Decision trees

The idea

A decision tree makes predictions by asking a sequence of yes/no questions about the input features, following a path through a branching structure until it reaches a final answer. Each internal node tests one feature; each branch represents an outcome of that test; each leaf holds a prediction.

The appeal is immediacy: you can read a shallow tree out loud and a non-technical person can follow it. No other model offers this level of transparency.

How a tree is built

Trees are grown using a greedy, recursive splitting algorithm (CART is the standard). At each node:

Try every possible split — every feature, every threshold.
Pick the split that most reduces impurity in the resulting child nodes.
Recurse on each child until a stopping condition is met.

The stopping conditions are hyperparameters: maximum depth, minimum examples per leaf, minimum impurity decrease. Without them, the tree grows until every leaf is pure — perfect training accuracy, extreme overfitting.

Predictions

Classification: each leaf stores the majority class of the training examples that reached it. Prediction for a new example is that majority class.

Regression: each leaf stores the mean of the training targets that reached it. The prediction surface is piecewise constant — step functions.

Strengths

Requires no feature scaling.
Handles mixed feature types (numerical and categorical) naturally.
Highly interpretable for shallow trees.
Captures non-linear relationships and feature interactions without manual engineering.

Weaknesses

High variance. This is the central problem with individual trees. The greedy splitting algorithm is sensitive to small changes in training data — a different sample can produce a completely different tree. This instability is what motivates ensemble methods.

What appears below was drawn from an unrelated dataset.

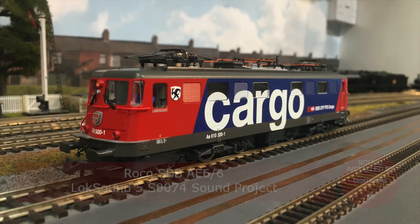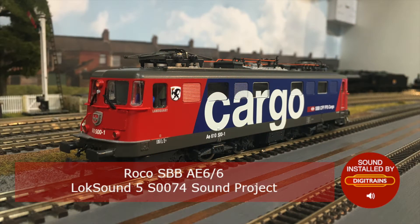Hi everyone, hope you're well. Here's a little video of a more unusual locomotive that passed through our workshop recently for a sound installation, and something of particular interest to the Continental modellers out there. This is a Rocco Swiss AE6/4-6 locomotive with an ESU LokSound V5 and it has the S0074 sound project installed.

Poor extrapolation. Regression trees predict the mean of their training leaves. For inputs outside the training range, they predict the nearest leaf's mean — no extrapolation.

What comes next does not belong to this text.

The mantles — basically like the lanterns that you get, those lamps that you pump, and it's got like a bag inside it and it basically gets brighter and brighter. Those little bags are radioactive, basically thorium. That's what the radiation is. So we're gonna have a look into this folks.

Axis-aligned boundaries only. Every split is of the form $x_j \leq t$ . A diagonal or curved decision boundary requires many splits to approximate.

Controlling overfitting

The main levers:

max_depth: most impactful. Depth 3–5 often works well as a standalone tree.
min_samples_leaf: prevents very small, noisy leaves.
min_impurity_decrease: only split if the gain exceeds a threshold.
Post-pruning (cost-complexity pruning): grow the full tree, then cut back branches that do not improve validation performance.

In practice, standalone trees are rarely the final model. Their real value is as building blocks for Random Forests and gradient boosting.